(Web page caption snippets)
======

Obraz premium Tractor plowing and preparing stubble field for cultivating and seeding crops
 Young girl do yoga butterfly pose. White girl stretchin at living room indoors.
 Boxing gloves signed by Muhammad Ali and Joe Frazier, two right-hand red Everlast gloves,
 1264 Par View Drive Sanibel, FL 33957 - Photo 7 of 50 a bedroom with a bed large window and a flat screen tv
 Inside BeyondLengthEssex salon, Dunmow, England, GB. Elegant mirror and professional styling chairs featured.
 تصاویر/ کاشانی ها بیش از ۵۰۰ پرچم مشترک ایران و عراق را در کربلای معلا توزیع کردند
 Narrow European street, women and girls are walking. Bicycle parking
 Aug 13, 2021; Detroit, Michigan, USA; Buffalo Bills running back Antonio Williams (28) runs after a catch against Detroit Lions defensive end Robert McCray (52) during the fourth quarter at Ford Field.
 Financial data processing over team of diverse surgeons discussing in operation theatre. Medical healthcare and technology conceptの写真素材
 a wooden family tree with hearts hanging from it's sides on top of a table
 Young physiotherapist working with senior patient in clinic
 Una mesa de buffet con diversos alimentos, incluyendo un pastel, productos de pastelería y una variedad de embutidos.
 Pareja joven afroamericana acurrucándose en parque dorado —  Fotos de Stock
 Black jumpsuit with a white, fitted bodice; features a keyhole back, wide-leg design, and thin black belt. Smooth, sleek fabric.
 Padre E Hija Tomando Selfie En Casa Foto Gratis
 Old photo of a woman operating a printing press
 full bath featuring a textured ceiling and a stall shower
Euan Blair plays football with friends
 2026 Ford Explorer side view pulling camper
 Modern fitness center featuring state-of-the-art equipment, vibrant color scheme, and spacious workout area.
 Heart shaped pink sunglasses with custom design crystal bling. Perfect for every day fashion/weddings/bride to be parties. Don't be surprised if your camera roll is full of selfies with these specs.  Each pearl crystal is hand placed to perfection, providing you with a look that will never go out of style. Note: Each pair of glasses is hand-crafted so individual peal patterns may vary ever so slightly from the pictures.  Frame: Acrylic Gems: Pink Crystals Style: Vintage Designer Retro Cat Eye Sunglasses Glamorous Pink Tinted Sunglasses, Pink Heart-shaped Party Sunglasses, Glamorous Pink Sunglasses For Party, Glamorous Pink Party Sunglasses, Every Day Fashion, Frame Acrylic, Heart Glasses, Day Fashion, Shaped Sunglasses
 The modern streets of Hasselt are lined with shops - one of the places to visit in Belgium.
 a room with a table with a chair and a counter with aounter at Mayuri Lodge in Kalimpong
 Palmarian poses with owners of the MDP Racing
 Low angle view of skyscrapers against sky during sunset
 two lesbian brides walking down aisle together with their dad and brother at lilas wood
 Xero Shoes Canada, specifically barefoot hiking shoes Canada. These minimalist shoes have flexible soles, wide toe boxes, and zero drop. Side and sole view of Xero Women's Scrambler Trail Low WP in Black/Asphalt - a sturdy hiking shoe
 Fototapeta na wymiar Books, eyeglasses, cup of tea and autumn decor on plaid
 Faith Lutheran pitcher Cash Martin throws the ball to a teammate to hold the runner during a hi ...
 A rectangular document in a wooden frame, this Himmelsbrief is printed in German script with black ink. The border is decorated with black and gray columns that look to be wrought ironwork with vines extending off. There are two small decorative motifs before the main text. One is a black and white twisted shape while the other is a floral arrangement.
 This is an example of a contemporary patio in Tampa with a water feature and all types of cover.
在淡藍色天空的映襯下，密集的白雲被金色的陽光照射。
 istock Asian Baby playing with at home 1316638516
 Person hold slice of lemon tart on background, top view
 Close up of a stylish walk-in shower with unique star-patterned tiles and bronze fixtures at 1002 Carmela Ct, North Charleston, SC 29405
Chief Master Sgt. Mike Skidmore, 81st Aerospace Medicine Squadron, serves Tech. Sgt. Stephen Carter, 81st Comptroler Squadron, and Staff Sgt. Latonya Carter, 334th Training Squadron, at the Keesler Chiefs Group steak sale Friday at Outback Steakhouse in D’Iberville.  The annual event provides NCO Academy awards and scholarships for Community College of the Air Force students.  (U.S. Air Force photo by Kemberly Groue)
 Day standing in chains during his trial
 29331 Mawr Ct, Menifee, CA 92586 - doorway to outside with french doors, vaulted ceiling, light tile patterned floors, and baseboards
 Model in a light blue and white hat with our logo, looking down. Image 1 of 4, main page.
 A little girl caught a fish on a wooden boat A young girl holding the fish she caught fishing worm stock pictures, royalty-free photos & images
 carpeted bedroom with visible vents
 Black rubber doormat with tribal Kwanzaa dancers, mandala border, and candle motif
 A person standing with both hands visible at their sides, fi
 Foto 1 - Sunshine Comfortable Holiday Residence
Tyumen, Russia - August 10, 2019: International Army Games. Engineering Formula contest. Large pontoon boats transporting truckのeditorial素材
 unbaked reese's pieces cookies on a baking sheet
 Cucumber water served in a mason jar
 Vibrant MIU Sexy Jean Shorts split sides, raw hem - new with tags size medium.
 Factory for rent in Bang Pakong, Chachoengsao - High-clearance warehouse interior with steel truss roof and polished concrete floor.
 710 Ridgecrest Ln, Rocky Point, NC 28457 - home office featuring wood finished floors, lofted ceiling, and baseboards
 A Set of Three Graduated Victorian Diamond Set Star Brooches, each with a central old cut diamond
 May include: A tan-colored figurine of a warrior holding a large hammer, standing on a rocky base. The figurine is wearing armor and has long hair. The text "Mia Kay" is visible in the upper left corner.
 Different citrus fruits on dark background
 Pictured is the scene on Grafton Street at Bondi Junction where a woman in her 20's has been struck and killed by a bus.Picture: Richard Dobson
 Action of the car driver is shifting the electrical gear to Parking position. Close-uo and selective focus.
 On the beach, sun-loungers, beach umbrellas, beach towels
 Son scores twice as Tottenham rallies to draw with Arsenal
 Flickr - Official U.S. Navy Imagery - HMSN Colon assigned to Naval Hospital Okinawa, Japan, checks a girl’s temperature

======

*Required action*: Set down the lines above as they stand, starting with the first line and ending with the line that contains "Una mesa de".

*Result of this exercise*:
Obraz premium Tractor plowing and preparing stubble field for cultivating and seeding crops
 Young girl do yoga butterfly pose. White girl stretchin at living room indoors.
 Boxing gloves signed by Muhammad Ali and Joe Frazier, two right-hand red Everlast gloves,
 1264 Par View Drive Sanibel, FL 33957 - Photo 7 of 50 a bedroom with a bed large window and a flat screen tv
 Inside BeyondLengthEssex salon, Dunmow, England, GB. Elegant mirror and professional styling chairs featured.
 تصاویر/ کاشانی ها بیش از ۵۰۰ پرچم مشترک ایران و عراق را در کربلای معلا توزیع کردند
 Narrow European street, women and girls are walking. Bicycle parking
 Aug 13, 2021; Detroit, Michigan, USA; Buffalo Bills running back Antonio Williams (28) runs after a catch against Detroit Lions defensive end Robert McCray (52) during the fourth quarter at Ford Field.
 Financial data processing over team of diverse surgeons discussing in operation theatre. Medical healthcare and technology conceptの写真素材
 a wooden family tree with hearts hanging from it's sides on top of a table
 Young physiotherapist working with senior patient in clinic
 Una mesa de buffet con diversos alimentos, incluyendo un pastel, productos de pastelería y una variedad de embutidos.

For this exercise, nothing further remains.